Par rapport à 1981, il évite certains écueils que les économistes de la régulation comme Robert Boyer ou Alain Lipietz avaient prévus, mais sans être écoutés, sur la contrainte extérieure, provoquant le tournant de la rigueur de 1983 et les dévaluations successives du franc. Une relance de la demande sans politique structurelle est toujours une impasse. Ce n’est plus le cas ici où, par exemple, concernant le nucléaire, le programme énergétique de LFI et du Pôle écologiste ont été classés comme les meilleurs par le pronucléaire Jean-Marc Jancovici. De nombreuses politiques sectorielles sont prévues pour relocaliser la production, assurer une réelle résilience des territoires.

La question européenne touche à un point crucial avec le débat sur la désobéissance. Nombre de mesures préconisées dans les différents programmes nécessitent des exceptions juridiques. Depuis la crise des subprimes, et plus encore celle du covid-19, nombre des règles européennes sont suspendues, notamment celles des 3 % de déficit budgétaire et de 60 % de dette publique par rapport au PIB. Depuis 2020, de nombreuses activités économiques ont été de facto socialisées avec le « quoi qu’il en coûte ». Comme souvent, nécessité fait loi. La guerre en Ukraine va suspendre encore plus longtemps le moment libéral européen imposé depuis plus de vingt ans. Sortir de la dépendance aux énergies fossiles n’est plus uniquement un sujet écologique, c’est aussi aujourd’hui un sujet géopolitique.
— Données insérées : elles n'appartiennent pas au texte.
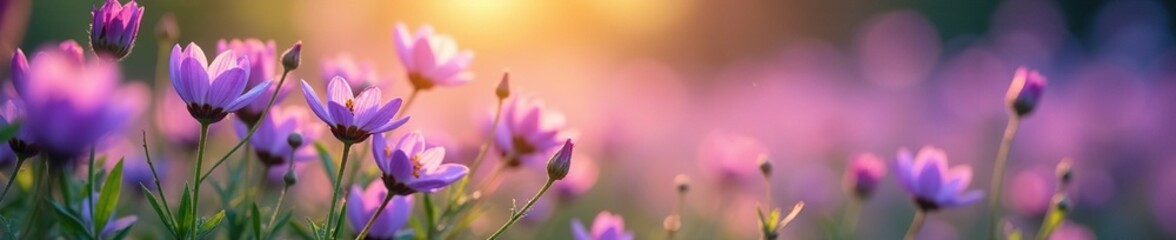 Fototapeta premium Soft breeze rustling through the petals of purple corostavnika flowers, corostavnika, nature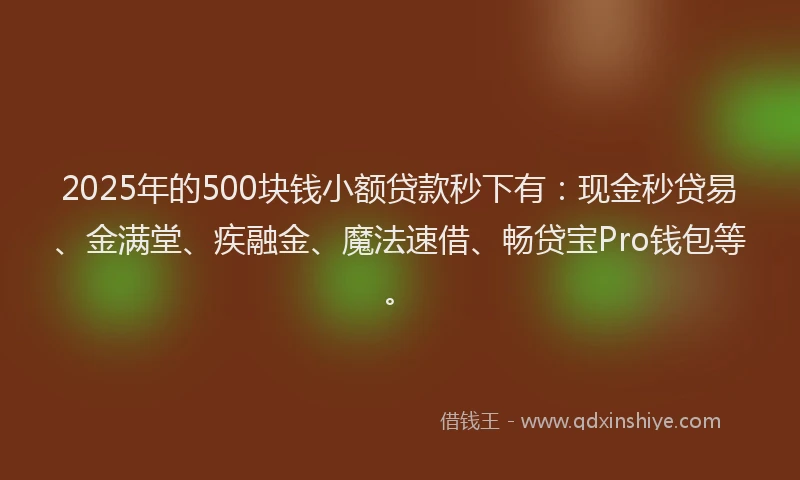 2025年的500块钱小额贷款秒下有：现金秒贷易、金满堂、疾融金、魔法速借、畅贷宝Pro钱包等。
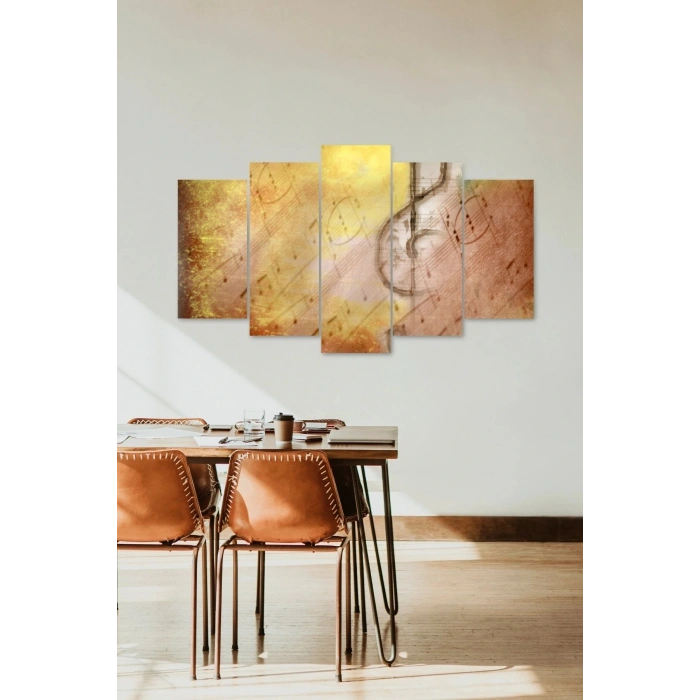 Müzik Notası 5 Parçalı Mdf Tablo 60 x 100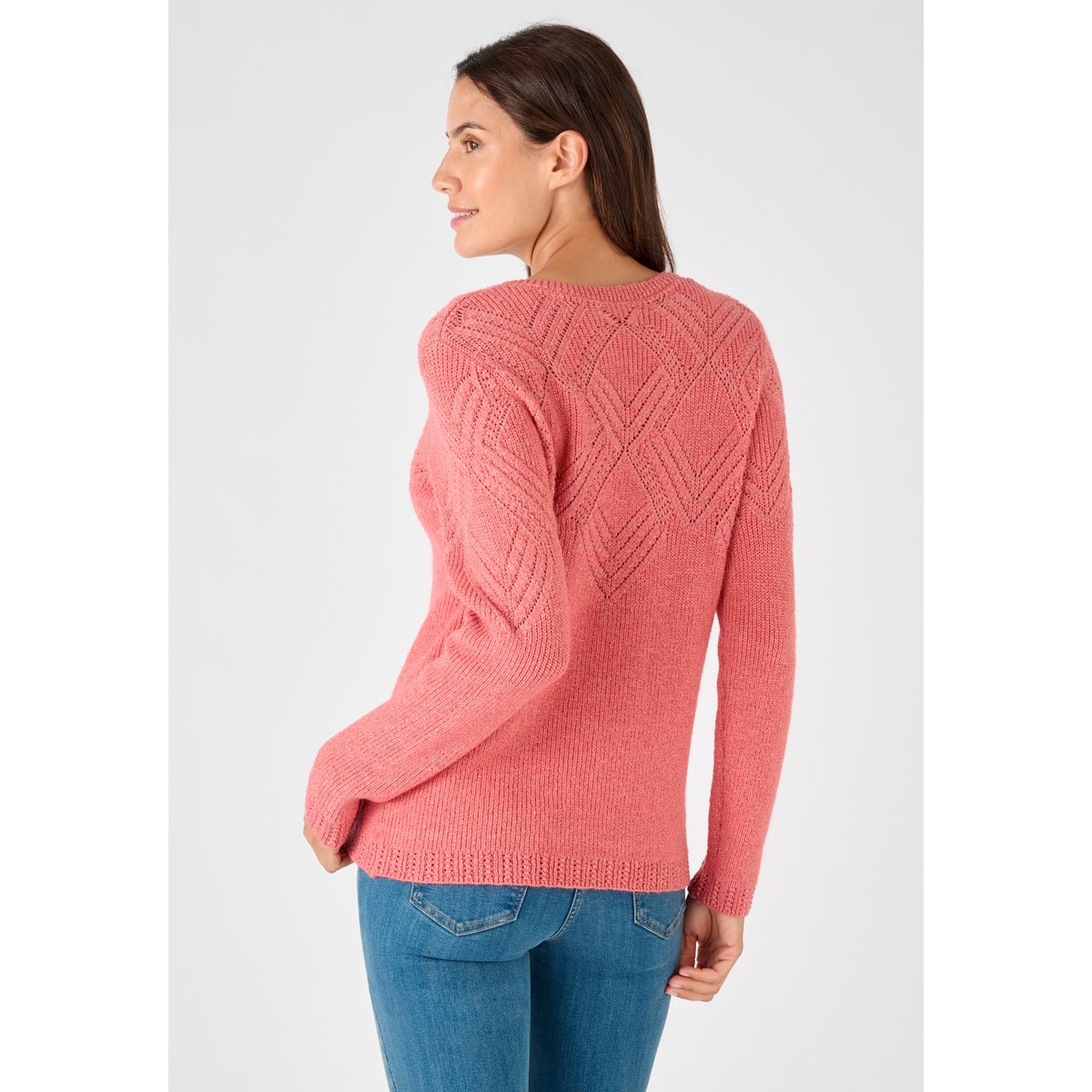 Pull maille fantaisie Thermolactyl vieux rose, DAMART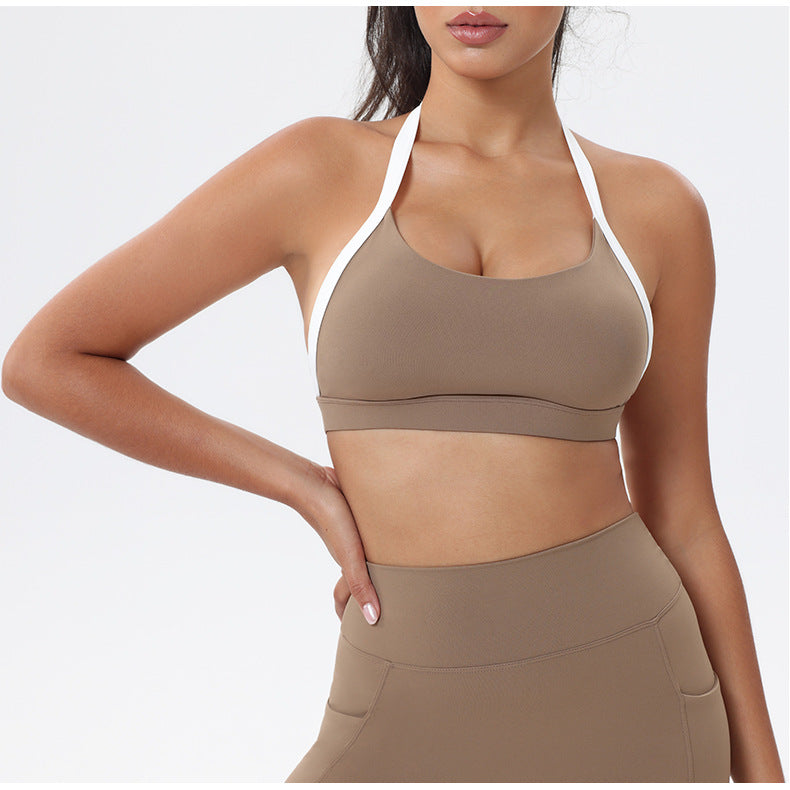 Halter Neck White Bulk Line Back Beauty Sports Bra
Pour autant, résoudre la crise écologique reste la priorité et le programme de la Nupes peut buter sur une contradiction interne, non perceptible par les modèles économétriques. L’estimation permet de générer une croissance importante permettant de boucler macro-économiquement le programme grâce à un effet multiplicateur keynésien classique. Mais cette croissance permet-elle un découplage, c’est-à-dire une réduction de l’émission de gaz à effet de serre ? Il faut modifier la nature de la croissance. Que celle-ci devienne moins matérielle. Gouverner à partir des besoins mais sans effet rebond, ce que l’humanité n’a encore jamais réussi à faire. Tel est le challenge.

Par Jérôme Gleizes Enseignant à Paris Sorbonne Nord.